Global tensions may hit Nigeria hard, says Dangote as he hails Tinubu’s diplomatic wins
Foremost industrialist, Alhaji Aliko Dangote, has warned that escalating tensions in the Middle East, which are driving volatility in global oil markets, could have far-reaching consequences for Nigeria and other African economies.
Dangote spoke on Monday in Lagos after a courtesy visit and Eid-el-Fitr homage to President Bola Tinubu.
He said the visit was intended to extend Sallah greetings, reconnect with the President after some time, and reaffirm his respect for, and continued support of, the administration’s policies.
Dangote noted that, although Nigeria has no direct involvement in the crisis, it would nonetheless feel the impact due to deep global economic interdependence.
“We are part of a global village, and, unfortunately, developments like this will affect us even if we are not directly involved,” he said.
He warned that prolonged tensions could trigger higher fuel prices, increased transport costs, inflationary pressures, and widespread hardship across African economies.
“If the situation does not de-escalate, we will end up paying a heavy price, especially given existing economic challenges,” Dangote said.
He explained that governments could face mounting fiscal strain as subsidies rise and revenues fluctuate under unstable global oil market conditions.
Dangote added that Africa’s rising debt burden could worsen amid prolonged instability, further limiting fiscal space and weakening economic resilience.
“Africa is already grappling with debt, and additional shocks will only compound hardship for governments and the people,” he said.
He stressed that escalating energy costs would disrupt nearly every sector, including small enterprises, manufacturing supply chains, logistics operations, and household consumption patterns.
“Energy affects everything. From small businesses like barbers to industries running generators, everyone will feel the impact if costs continue to rise,” he said.
Dangote noted that some countries were already adopting coping strategies such as reduced workdays, energy rationing, and remote working arrangements.
He said such measures, while necessary, could reduce productivity, slow economic output, and adversely affect livelihoods, particularly among vulnerable populations.
Dangote urged global leaders to prioritise de-escalation, stressing that many Africans rely on daily earnings and remain highly exposed to economic shocks.
“In Africa, in Nigeria, many people depend on daily earnings. If they don’t work, they don’t eat. So, we must pray this situation comes down quickly,” he said.
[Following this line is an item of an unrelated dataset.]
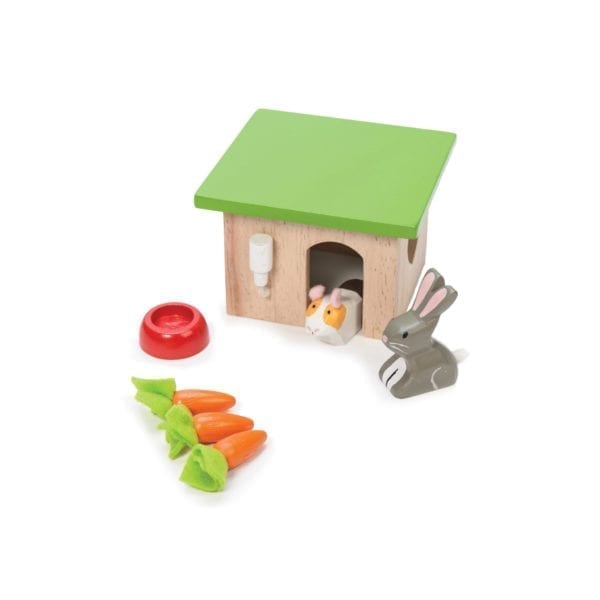 Le Toy Van Wooden Toy Bunny & Guinea Set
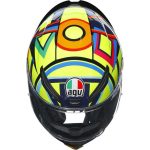 AGV K-1 Soleluna 2017 – Casco integral de moto amarillo/rojo/negro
On Tinubu’s recent visit to the United Kingdom, Dangote said the trip had opened new economic opportunities and strengthened Nigeria’s investment outlook.
“I believe the visit has opened many doors. Diplomacy without economic outcomes is incomplete, and this has created opportunities for Nigeria,” he said.
He said agreements reached during the visit, particularly in infrastructure and financing, signalled growing international confidence in Nigeria’s reform agenda.
“It is not just about the money committed, but the confidence it shows in Nigeria and the reforms being implemented,” he said.
Dangote said planned investments in critical sectors, such as ports, would significantly improve trade efficiency and support medium-term economic expansion.
“These investments will help improve our infrastructure, especially in key areas like ports, and complement ongoing government efforts,” he said.
He expressed optimism that other countries, including Germany, would follow with investments as confidence in Nigeria’s economy strengthens.
“Once confidence is established, other countries will come in. It is a signal that Nigeria is ready for business,” he said.
Dangote added that the agreements would enable Nigerian private sector players to access international financing and technical support for large-scale projects.
“For Nigerian investors, this shows we can approach these agencies to access funding. It means they are now open to supporting our projects,” he said.
He described the development as a breakthrough, noting that such credit facilities had historically remained underutilised by Nigerian businesses.
“We have not really utilised these resources before, but now there is clear capacity and willingness to fund viable Nigerian projects,” he said.
Dangote reaffirmed his support for the administration, expressing confidence that reforms, partnerships, and investor confidence would drive sustainable economic growth in Nigeria.